The arbitrator is fully entitled to make use of his own experience in reaching his conclusions, provided that it is of a kind and in the range of knowledge that one would reasonably expect the arbitrator to have, and providing that he uses it to evaluate the evidence called and not to introduce new and different evidence (see Checkpoint Limited v Strathclyde Pension Fund [2003] EWCA Civ 84). It is important to note that the arbitrator cannot:

a. Use his expertise to introduce new evidence which he then fails to allow the parties to address (see Eastcheap Dried Fruit & Co v NV Gerbroedus Catz Handelsvereeniging) [1962] 1 Lloyds Rep 283; and

b. Make an award based upon arguments or evidence that were not presented to him, or upon a basis that is contrary to the common assumption of the parties as represented to him: see the judgment of Bingham J (as he then was) in Zermalt Holdings SA v Nu-Life Upholstery Repairs Limited [1985] 2 EGLR, 14 at page 15 K-N, where he said:

“If an arbitrator is impressed by a point that has never been raised by the either side then it is his duty to put it to them so that they have an opportunity to comment. If he feels that the proper approach is one that has not been explored or advanced in evidence or submission then again it is his duty to give the parties a chance to comment. If he is to any extent relying on his own personal experience in a specific way then that again is something that he should mention so that it can be explored.

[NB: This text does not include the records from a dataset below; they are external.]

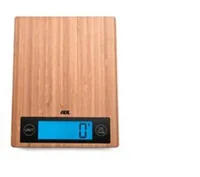 ADE Küchenwaage Ramona Bambus Braun - Bedienungsart: Touchscreen - Messschritte: 1 g - Tara-Zuwiegefunktion: Ja - Detailfarbe: Braun - Gewicht Max.: 5 kg - Material: Holz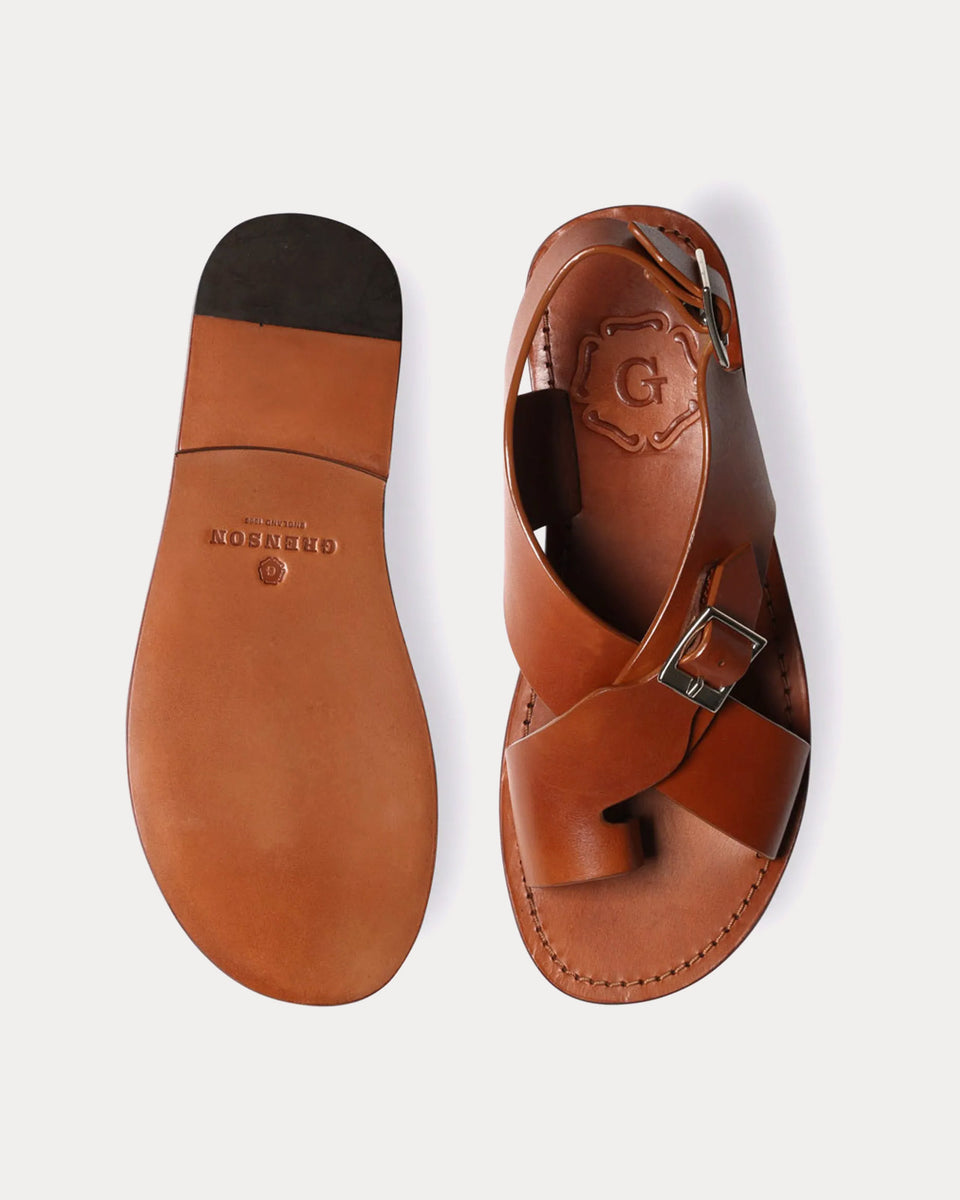 grenson leather sandals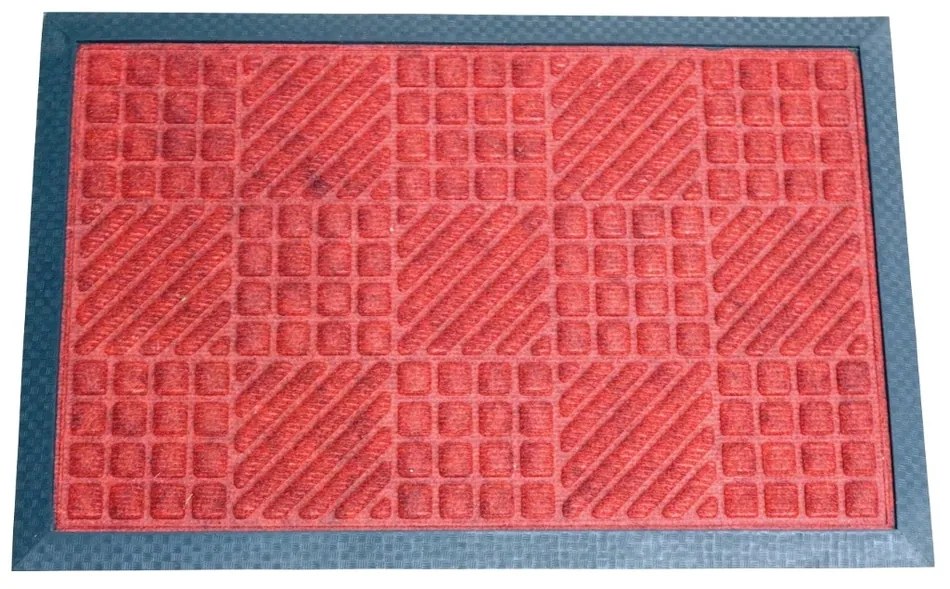 Piros lábtörlő, 40 x 60 cm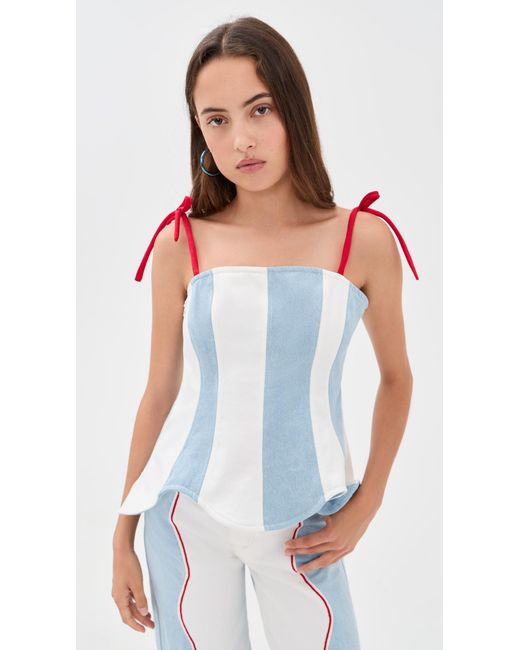 Sixxta White Caribe Top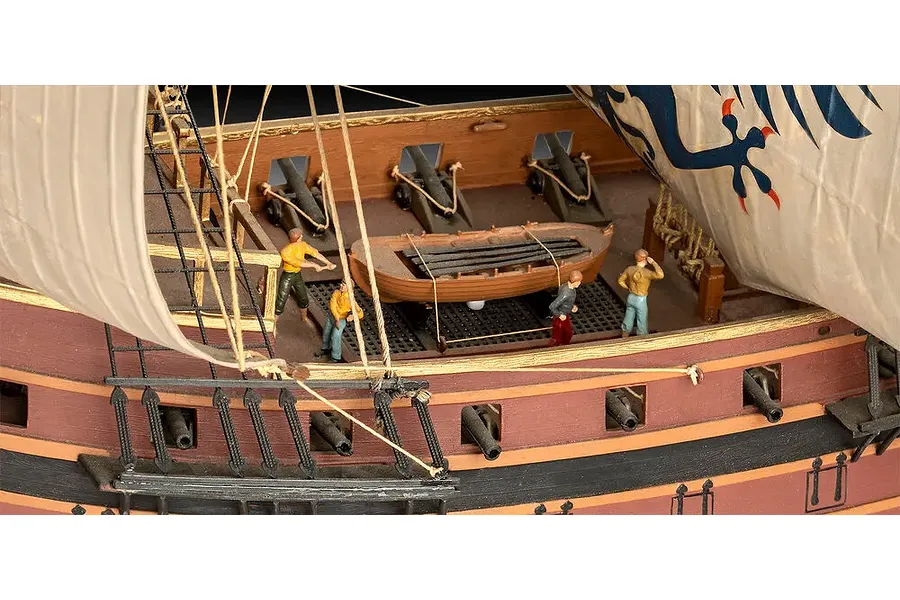 Revell 1/96 Spanish Galleon Scaled Plastic Model Kit image 123220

It is not right that his decision should be based on specific matters which the parties have never had a chance to deal with, nor is it right that a party should first learn of adverse points in the decision against him. That is contrary both to the substance of justice and to its appearance…”

11

The authority most often referred to on this topic is the decision of the Court of Appeal in Fox v Welfair [1981] 2 Lloyd's Law Reports 514. That was a building arbitration in which the claimant owners brought claims against the building contractors in respect of defects that had appeared in a block of flats. At the arbitration the respondent contractors, who by then were in liquidation, were not represented and neither were the NHBC, who stood behind them. Despite the fact that the respondents were not represented, the arbitrator rejected the bulk of the claims made against them, although he had made no relevant comment during the oral evidence called on behalf of the claimants; indeed, the claimants first learnt of the scale and nature of their defeat when they were provided with copies of the published award. In the words of Ackner J (as he then was) at first instance:

“The arbitrator failed to provide the applicants with a fair hearing, in that he failed to give them any opportunity to deal with the very serious deficiencies which he must ultimately have found in the presentation and/or proof of their claim.”

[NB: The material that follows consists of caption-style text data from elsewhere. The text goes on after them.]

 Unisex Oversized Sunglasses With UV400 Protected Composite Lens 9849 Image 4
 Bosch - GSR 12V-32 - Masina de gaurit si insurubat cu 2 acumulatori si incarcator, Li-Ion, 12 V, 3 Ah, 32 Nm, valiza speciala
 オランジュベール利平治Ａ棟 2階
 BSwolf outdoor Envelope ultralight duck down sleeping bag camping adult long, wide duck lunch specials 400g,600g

He therefore set aside the award.

12

That decision was upheld by the Court of Appeal. Lord Denning MR concluded that the arbitrator had fallen into error. He said that he did not think it was the duty of the arbitrator to protect the interests of the unrepresented party, and he went on to say at page 522:

“In particular he [the arbitrator] must not throw his own evidence into the scale on behalf of the unrepresented party—or use his own special knowledge for the benefit of the unrepresented party—at any rate he must not do so without giving the plaintiff's expert a chance of dealing with it—for they may be able to persuade him that his own view is erroneous.”

Dunn LJ said at page 528 that:

“… an expert arbitrator should not in effect give evidence to himself without disclosing the evidence on which he relies to the...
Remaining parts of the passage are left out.